Une consultation politique jugée insatisfaisante. François Bayrou a entamé lundi une série de discussions à une semaine du vote de confiance à l’Assemblée, qui pourrait décider de l’avenir de son gouvernement. Malgré les signes d’un probable échec, le Premier ministre défend sa méthode, critiquée même au sein de sa propre coalition, rapporte TopTribune.

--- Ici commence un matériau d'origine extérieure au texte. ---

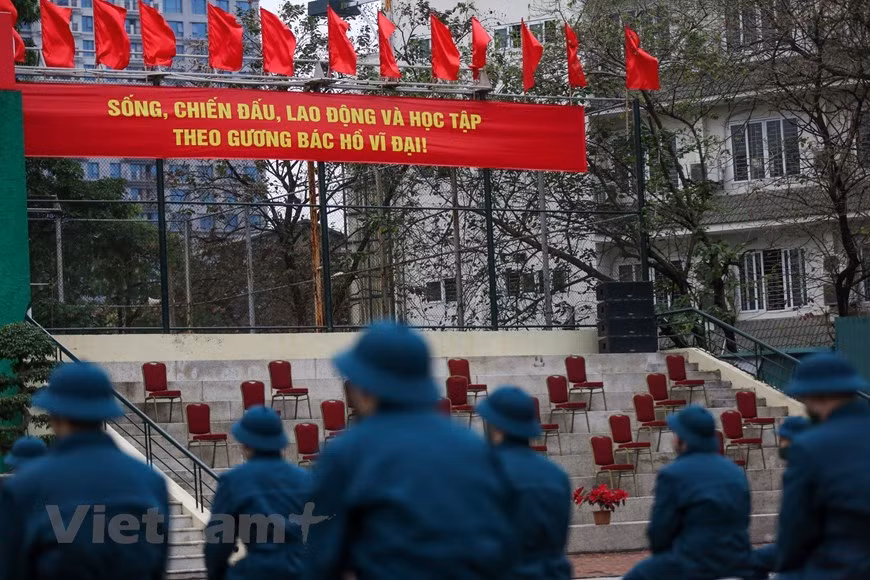 Ханой набрал более 4000 молодых людей для прохождения военной службы и службы в силах общественной безопасности. (Фото: Vietnam +)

Lors de ces consultations, François Bayrou a reçu les leaders du Parti communiste, et il poursuivra ses échanges mardi et mercredi avec des représentants des partis soutenant la coalition présidentielle ainsi que ceux du Rassemblement national, y compris Jordan Bardella. Marine Le Pen, cheffe des députés RN, a annoncé qu’elle participerait par « courtoisie républicaine », tout en précisant ne rien en attendre. Le RN se concentre principalement sur une éventuelle dissolution de l’Assemblée, qu’il jugerait favorable à ses intérêts selon les sondages, affirmant que « notre devoir est d’être prêts », comme l’a déclaré Le Pen lors d’une réunion de campagne lundi.
« Tournée d’adieux »
Fabien Roussel, leader des communistes, a qualifié le budget de « honteux » et a demandé la nomination d’un nouveau Premier ministre de gauche. Ordinairement, l’attention se serait tournée vers la rencontre de jeudi matin avec le Parti socialiste, dont le soutien est crucial pour éviter que le gouvernement ne soit renversé le 8 septembre par l’opposition gauche–RN. Toutefois, Olivier Faure a établi un constat : la position des socialistes, désireux de succéder à François Bayrou à Matignon, est « irrévocable ». Même François Hollande a déclaré qu’il ne voterait pas la confiance, critiquant « la méthode » de Bayrou.
Olivier Faure a donc souligné que le Premier ministre effectue sa « tournée d’adieux », en multipliant les interventions suite à sa décision inattendue de la semaine dernière d’engager la responsabilité de son gouvernement sur un plan de désendettement du pays, prévoyant un effort budgétaire de 44 milliards d’euros.
Malgré l’incertitude, François Bayrou peut s’appuyer sur le soutien de son ministre de l’Intérieur, Bruno Retailleau, qui a exhorté les députés de son parti à ne pas « rejoindre les incendiaires » qui rejetteraient le vote de confiance. Cependant, les Républicains avancent dans une situation divisée sur la question.